╭──
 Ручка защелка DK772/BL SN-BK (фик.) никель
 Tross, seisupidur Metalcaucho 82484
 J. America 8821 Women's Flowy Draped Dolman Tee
╰──
» **Prompt**: The reply must consist solely of the lines from the one containing "Tross, seisupidur Metalcaucho 82484" through the last line in the material above, reproduced exactly.

» **Your solution**:
 Tross, seisupidur Metalcaucho 82484
 J. America 8821 Women's Flowy Draped Dolman Tee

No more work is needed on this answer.